NHS 75 - Chief Dental Officer blog

Date published: 19 May 2023

The thoughts and reflections of Caroline Lappin, Chief Dental Officer for Northern Ireland, as we celebrate 75 years of the NHS.

NHS 75 blog

By Caroline Lappin
Chief Dental Officer

National Smile Month in the UK has launched this week.  Between 15 May and 15 June across the UK, oral health professionals will be raising awareness of the benefits of good oral health and the value of a healthy smile.

The theme this year is ‘Brush for better health’.

Every dental professional will tell you that twice daily brushing is the cornerstone to good oral health.  It is important as it removes the sticky film on teeth called plaque that, if not removed and builds up, will cause tooth decay and gum disease. In addition, using a toothpaste containing fluoride, gives additional benefits – the huge decline in dental decay worldwide can be largely attributed to daily use of fluoride toothpaste.

Good oral health will mean different things to us all, but your mouth is one of your greatest assets. Think of all the things we use our mouths for – communicating our thoughts, feelings, and needs.  Your mouth is needed for the most essential tasks – eating and breathing. A healthy mouth gives you the confidence to socialise and work without pain, discomfort, or embarrassment.

As the world has advanced and health improvements have been made, we have witnessed similar success in oral health. As well as living better and longer, the population has made huge advances in retaining their natural teeth into older age. Oral health was in a very different space in our society even 20 years ago and although great improvements have been made, we still face challenges to oral health and its impact on our daily lives. The headline figures are good, but inequalities in both general and oral health are one of the great challenges remaining in health improvement.

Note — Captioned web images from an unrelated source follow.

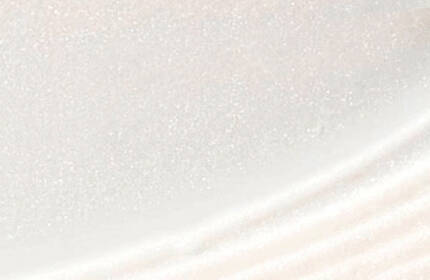 A close-up, abstract view of a smooth, shiny white surface with subtle texture.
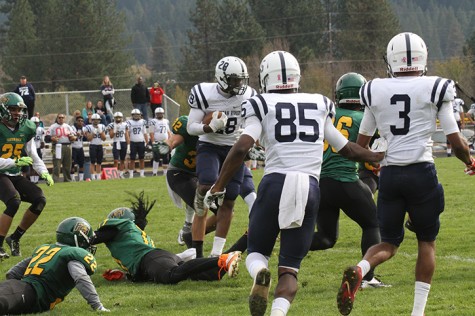 Armand Shyne, running back for American River College attempts a spin move against Feather River on Oct. 24, 2015. ARC was victorious 44-14, Shyne led the team with 108 yards on 10 carries with a touchdown. (Photo by Nicholas Corey)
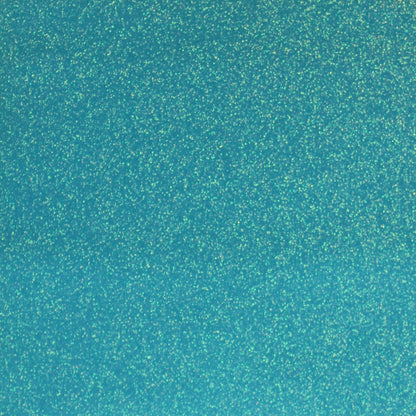 A close-up image of bright blue glitter cardstock with a shimmering texture.
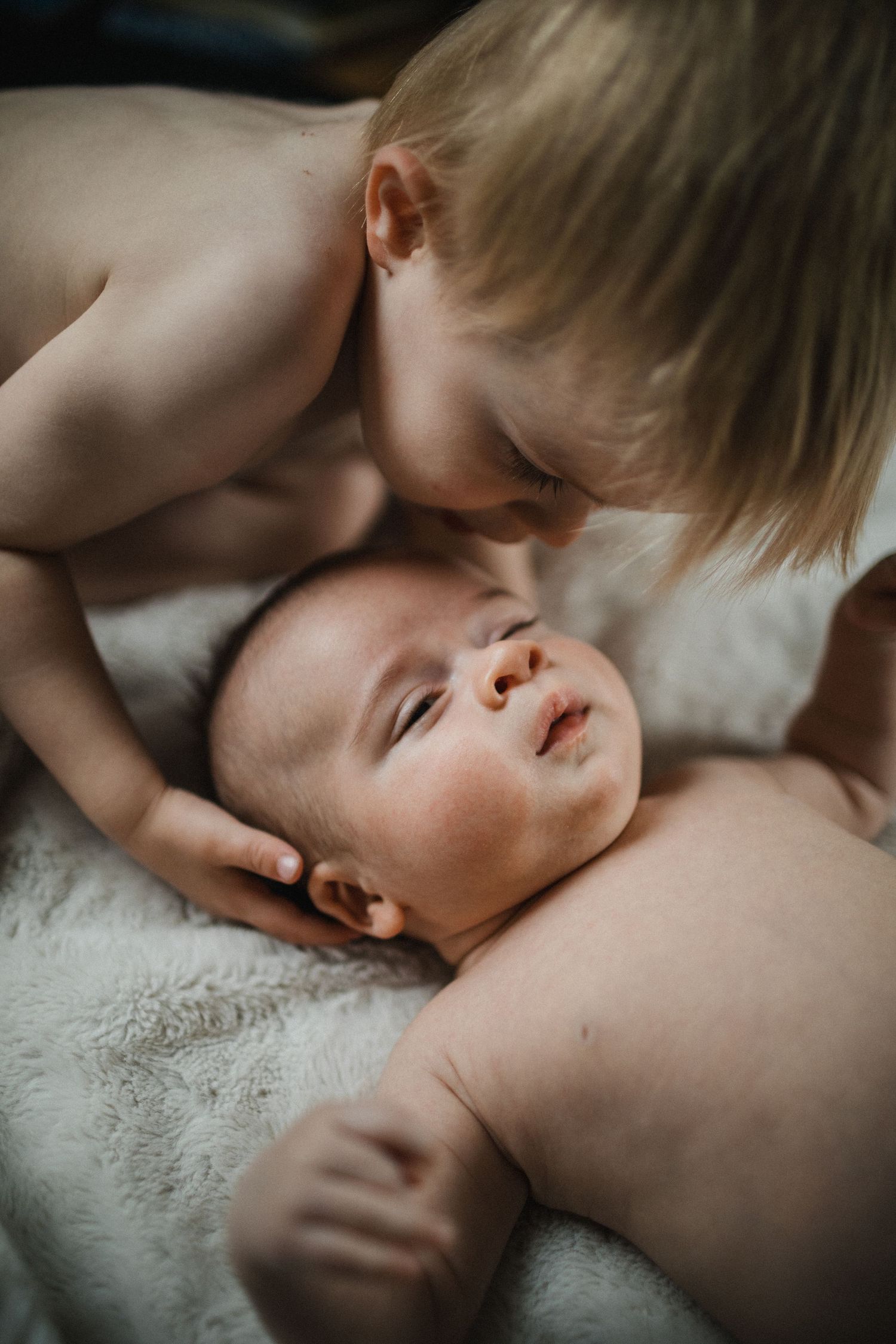 Image of new big brother kissing newborn baby brother on forehead.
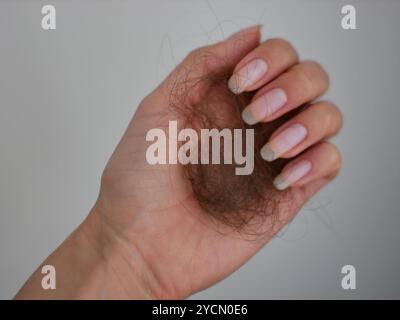 Capelli persi nella mano di una donna. Problema di caduta dei capelli dopo lo stress o la malattia ormonale. Salute delle donne di capelli, unghie e pelle. Concetto sanitario, vitamina, CA Foto Stock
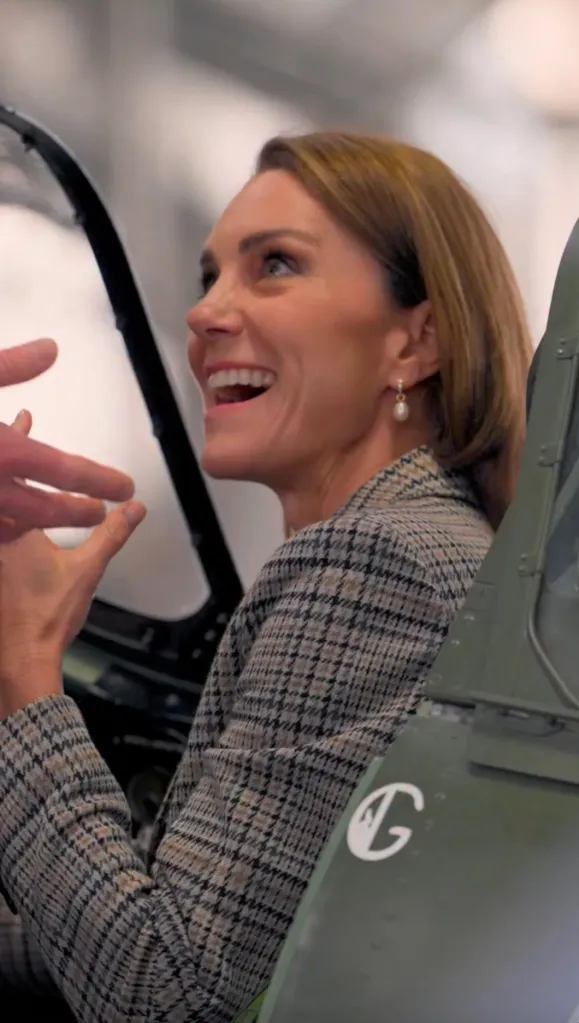 Kate Middleton smiling in an aircraft cockpit at RAF Coningsby.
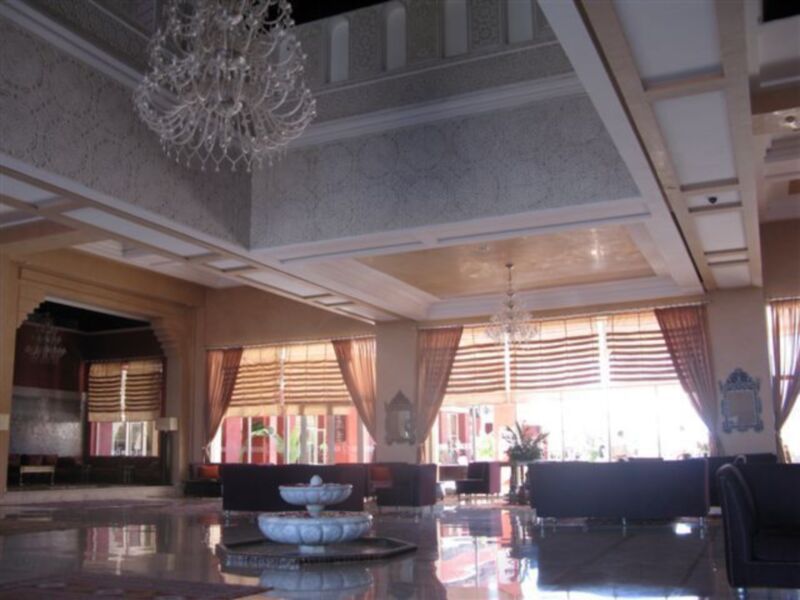 Salón con techo decorado, mesa de centro y sillas.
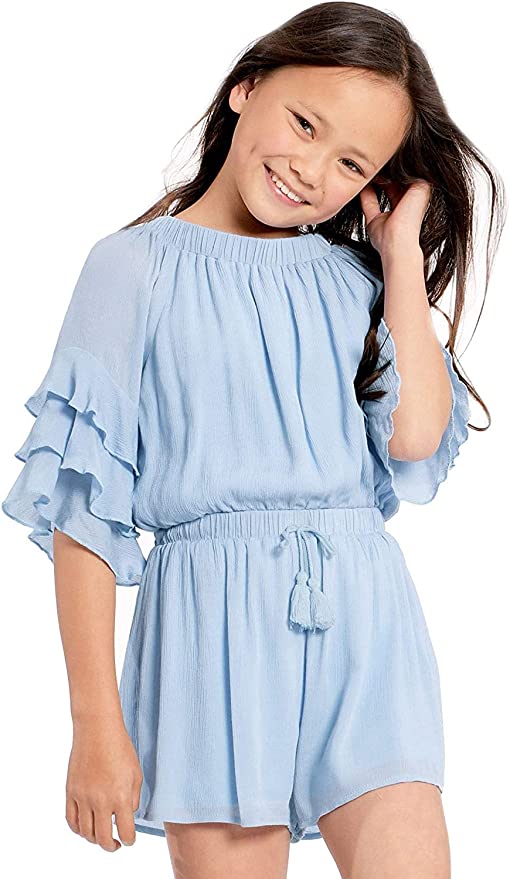 Big Girls Ruffle Sleeve Baby Blue Romper  Ruffled Elastic Boat Neck (Can be work on of off the shoulder!)  3/4 Tiered Ruffle Sleeves  Drawstring Tassel Tie Waistline   The perfect romper for all seasons.  SELF: 100% Rayon, LINING: 100% Polyester  Rayon gauze fabrication with soft hand-feel.
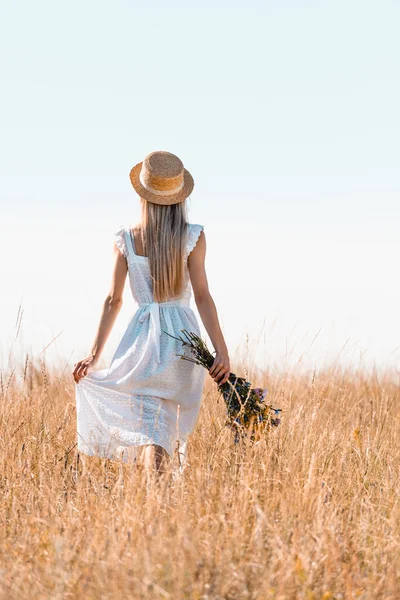 Vue arrière de la femme en chapeau de paille touchant robe blanche tout en marchant dans prairie herbeuse avec bouquet de fleurs sauvages — Photo de stock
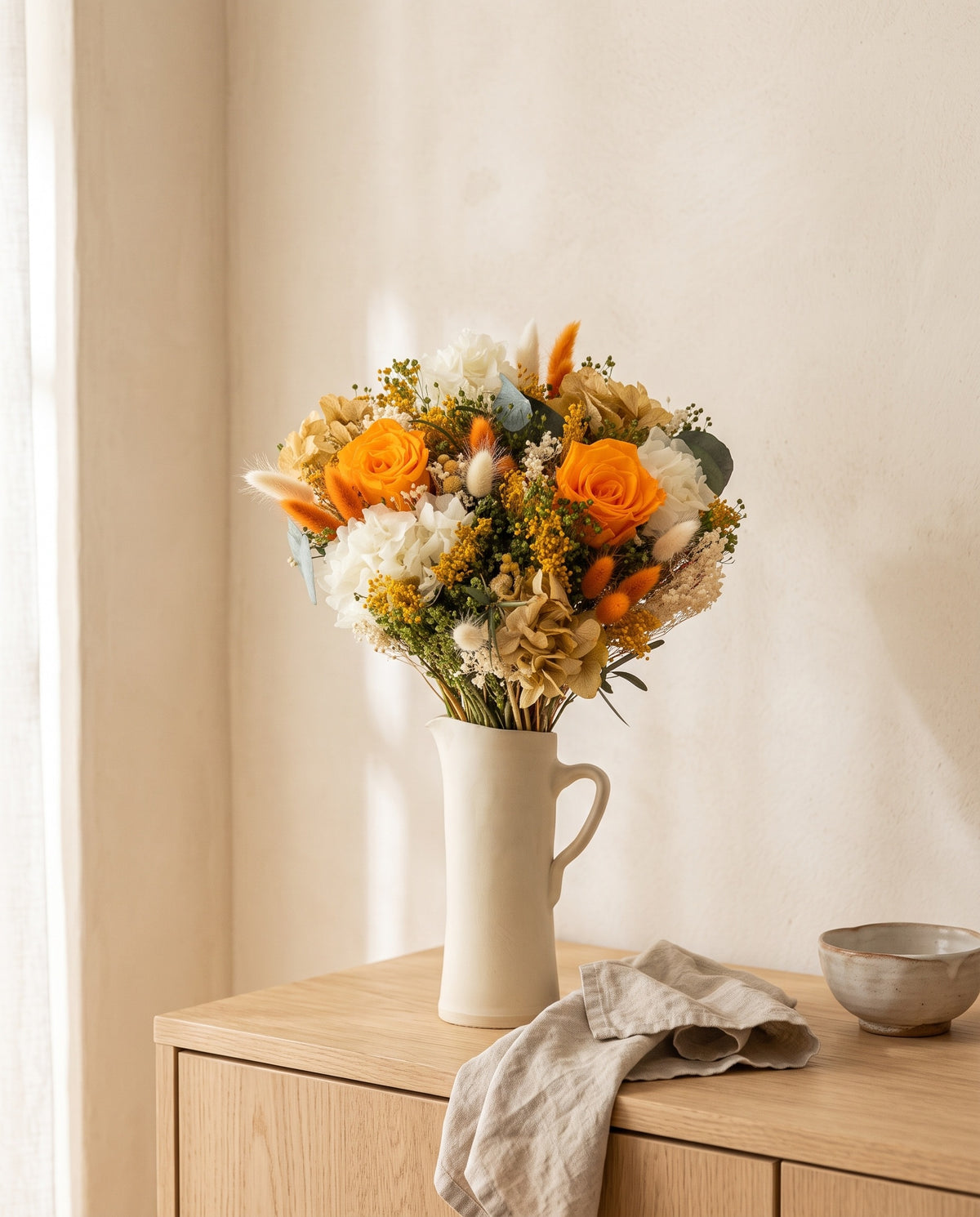 Ramo de flores secas y preservadas en blanco y naranja en una jarra sobre un aparador, ambiente de casa. Jarra no incluida.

Oral diseases disproportionately affect the most vulnerable and disadvantaged populations. People of low socioeconomic status carry a higher burden of oral diseases and this association remains across the life course, from early childhood to older age, and regardless of the country's overall income level.

A key element in oral health promotion is enabling people to increase control over and improve their own health.  We are at a crucial time of change within healthcare. Our traditional approach to focusing on treating oral disease needs to be challenged. We all know that prevention is better than cure, and empowering everyone to prevent dental disease, and maintain a healthy mouth can improve their quality of life and have a smile they can be proud to show.

I am proud to have been an NHS/ HSC dentist since my first post in 2000.  I have had the privilege to practice clinical dentistry in general dental practice, hospital dental services, prison dental services and community dental services over the last 23 years.  There is no greater feeling than knowing you can alleviate the misery of dental pain!  Health service dentistry is an integral part of our HSC in Northern Ireland, and provides care, oral health advice and preventive programmes for many people in Northern Ireland.

I am fully aware of the current difficulties in accessing Health Service dental care. It is an issue across the UK, and the Department of Health and dental representatives are working to find solutions that ensure people can access care when they need too.  As we work through this difficult period, self-care is more important than ever. Dental disease is not inevitable.

Finally, during this important month for oral health, I would like to reflect on the strong commitment of dental professionals, both in primary dental care practice, and those employed by Health and Social Care Trusts, to improve oral health in Northern Ireland.  Thank you for all that you do.              

In addition, non-dentally qualified Health and Social Care professionals, educators, and those in voluntary and community sectors,  have played a major role improving oral health, and will continue to be vital as we journey through the life course with an ever- complex ageing population.

So, be proud of your mouth and brush for better health.